***** Data in this exercise *****

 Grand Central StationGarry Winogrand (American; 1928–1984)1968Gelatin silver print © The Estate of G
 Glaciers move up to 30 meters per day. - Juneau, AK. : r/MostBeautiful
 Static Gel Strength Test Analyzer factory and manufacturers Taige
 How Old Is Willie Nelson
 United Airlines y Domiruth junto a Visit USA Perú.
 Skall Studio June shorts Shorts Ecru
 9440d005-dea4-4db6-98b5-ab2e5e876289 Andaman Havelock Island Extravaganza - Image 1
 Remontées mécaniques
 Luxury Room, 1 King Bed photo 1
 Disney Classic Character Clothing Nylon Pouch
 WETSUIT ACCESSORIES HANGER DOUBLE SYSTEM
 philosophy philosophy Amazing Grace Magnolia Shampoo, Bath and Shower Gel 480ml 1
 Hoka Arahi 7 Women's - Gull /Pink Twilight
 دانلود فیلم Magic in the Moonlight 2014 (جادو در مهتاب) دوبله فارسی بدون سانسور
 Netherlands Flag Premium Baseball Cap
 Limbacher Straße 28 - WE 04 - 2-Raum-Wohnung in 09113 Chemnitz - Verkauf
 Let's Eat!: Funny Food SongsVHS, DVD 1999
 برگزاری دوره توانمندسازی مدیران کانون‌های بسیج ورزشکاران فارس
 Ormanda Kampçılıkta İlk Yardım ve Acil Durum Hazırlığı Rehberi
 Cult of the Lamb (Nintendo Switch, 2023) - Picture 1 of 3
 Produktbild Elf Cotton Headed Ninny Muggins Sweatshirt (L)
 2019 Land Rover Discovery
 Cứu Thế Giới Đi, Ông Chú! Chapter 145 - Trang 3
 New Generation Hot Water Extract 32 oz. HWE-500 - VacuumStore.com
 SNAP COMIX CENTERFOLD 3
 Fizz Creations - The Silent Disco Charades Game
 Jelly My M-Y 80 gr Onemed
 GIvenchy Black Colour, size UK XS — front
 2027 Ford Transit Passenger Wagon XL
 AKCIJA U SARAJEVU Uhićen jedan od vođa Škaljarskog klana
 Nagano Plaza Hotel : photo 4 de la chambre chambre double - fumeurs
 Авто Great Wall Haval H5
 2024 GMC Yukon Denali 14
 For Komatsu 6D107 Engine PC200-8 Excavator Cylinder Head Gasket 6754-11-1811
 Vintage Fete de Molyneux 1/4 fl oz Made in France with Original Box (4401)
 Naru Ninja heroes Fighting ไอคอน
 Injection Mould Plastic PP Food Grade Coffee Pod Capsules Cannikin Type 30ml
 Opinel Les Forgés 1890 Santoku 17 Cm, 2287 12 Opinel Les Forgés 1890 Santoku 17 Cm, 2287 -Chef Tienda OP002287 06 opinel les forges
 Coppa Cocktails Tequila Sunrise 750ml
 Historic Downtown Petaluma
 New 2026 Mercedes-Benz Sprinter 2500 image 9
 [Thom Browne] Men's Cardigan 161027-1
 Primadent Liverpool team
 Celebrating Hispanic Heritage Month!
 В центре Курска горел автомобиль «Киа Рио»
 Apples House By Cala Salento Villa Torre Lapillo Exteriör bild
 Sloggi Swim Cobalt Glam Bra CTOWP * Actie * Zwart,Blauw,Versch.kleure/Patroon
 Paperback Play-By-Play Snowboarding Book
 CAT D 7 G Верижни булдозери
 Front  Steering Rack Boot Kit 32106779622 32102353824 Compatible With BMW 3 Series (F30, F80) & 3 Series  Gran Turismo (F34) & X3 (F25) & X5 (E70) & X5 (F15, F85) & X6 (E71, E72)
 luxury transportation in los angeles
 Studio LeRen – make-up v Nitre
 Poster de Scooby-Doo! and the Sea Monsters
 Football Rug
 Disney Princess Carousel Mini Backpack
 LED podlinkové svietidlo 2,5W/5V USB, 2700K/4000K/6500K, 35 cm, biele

*****

The records shown above are to be retyped exactly, with none omitted.

 Grand Central StationGarry Winogrand (American; 1928–1984)1968Gelatin silver print © The Estate of G
 Glaciers move up to 30 meters per day. - Juneau, AK. : r/MostBeautiful
 Static Gel Strength Test Analyzer factory and manufacturers Taige
 How Old Is Willie Nelson
 United Airlines y Domiruth junto a Visit USA Perú.
 Skall Studio June shorts Shorts Ecru
 9440d005-dea4-4db6-98b5-ab2e5e876289 Andaman Havelock Island Extravaganza - Image 1
 Remontées mécaniques
 Luxury Room, 1 King Bed photo 1
 Disney Classic Character Clothing Nylon Pouch
 WETSUIT ACCESSORIES HANGER DOUBLE SYSTEM
 philosophy philosophy Amazing Grace Magnolia Shampoo, Bath and Shower Gel 480ml 1
 Hoka Arahi 7 Women's - Gull /Pink Twilight
 دانلود فیلم Magic in the Moonlight 2014 (جادو در مهتاب) دوبله فارسی بدون سانسور
 Netherlands Flag Premium Baseball Cap
 Limbacher Straße 28 - WE 04 - 2-Raum-Wohnung in 09113 Chemnitz - Verkauf
 Let's Eat!: Funny Food SongsVHS, DVD 1999
 برگزاری دوره توانمندسازی مدیران کانون‌های بسیج ورزشکاران فارس
 Ormanda Kampçılıkta İlk Yardım ve Acil Durum Hazırlığı Rehberi
 Cult of the Lamb (Nintendo Switch, 2023) - Picture 1 of 3
 Produktbild Elf Cotton Headed Ninny Muggins Sweatshirt (L)
 2019 Land Rover Discovery
 Cứu Thế Giới Đi, Ông Chú! Chapter 145 - Trang 3
 New Generation Hot Water Extract 32 oz. HWE-500 - VacuumStore.com
 SNAP COMIX CENTERFOLD 3
 Fizz Creations - The Silent Disco Charades Game
 Jelly My M-Y 80 gr Onemed
 GIvenchy Black Colour, size UK XS — front
 2027 Ford Transit Passenger Wagon XL
 AKCIJA U SARAJEVU Uhićen jedan od vođa Škaljarskog klana
 Nagano Plaza Hotel : photo 4 de la chambre chambre double - fumeurs
 Авто Great Wall Haval H5
 2024 GMC Yukon Denali 14
 For Komatsu 6D107 Engine PC200-8 Excavator Cylinder Head Gasket 6754-11-1811
 Vintage Fete de Molyneux 1/4 fl oz Made in France with Original Box (4401)
 Naru Ninja heroes Fighting ไอคอน
 Injection Mould Plastic PP Food Grade Coffee Pod Capsules Cannikin Type 30ml
 Opinel Les Forgés 1890 Santoku 17 Cm, 2287 12 Opinel Les Forgés 1890 Santoku 17 Cm, 2287 -Chef Tienda OP002287 06 opinel les forges
 Coppa Cocktails Tequila Sunrise 750ml
 Historic Downtown Petaluma
 New 2026 Mercedes-Benz Sprinter 2500 image 9
 [Thom Browne] Men's Cardigan 161027-1
 Primadent Liverpool team
 Celebrating Hispanic Heritage Month!
 В центре Курска горел автомобиль «Киа Рио»
 Apples House By Cala Salento Villa Torre Lapillo Exteriör bild
 Sloggi Swim Cobalt Glam Bra CTOWP * Actie * Zwart,Blauw,Versch.kleure/Patroon
 Paperback Play-By-Play Snowboarding Book
 CAT D 7 G Верижни булдозери
 Front  Steering Rack Boot Kit 32106779622 32102353824 Compatible With BMW 3 Series (F30, F80) & 3 Series  Gran Turismo (F34) & X3 (F25) & X5 (E70) & X5 (F15, F85) & X6 (E71, E72)
 luxury transportation in los angeles
 Studio LeRen – make-up v Nitre
 Poster de Scooby-Doo! and the Sea Monsters
 Football Rug
 Disney Princess Carousel Mini Backpack
 LED podlinkové svietidlo 2,5W/5V USB, 2700K/4000K/6500K, 35 cm, biele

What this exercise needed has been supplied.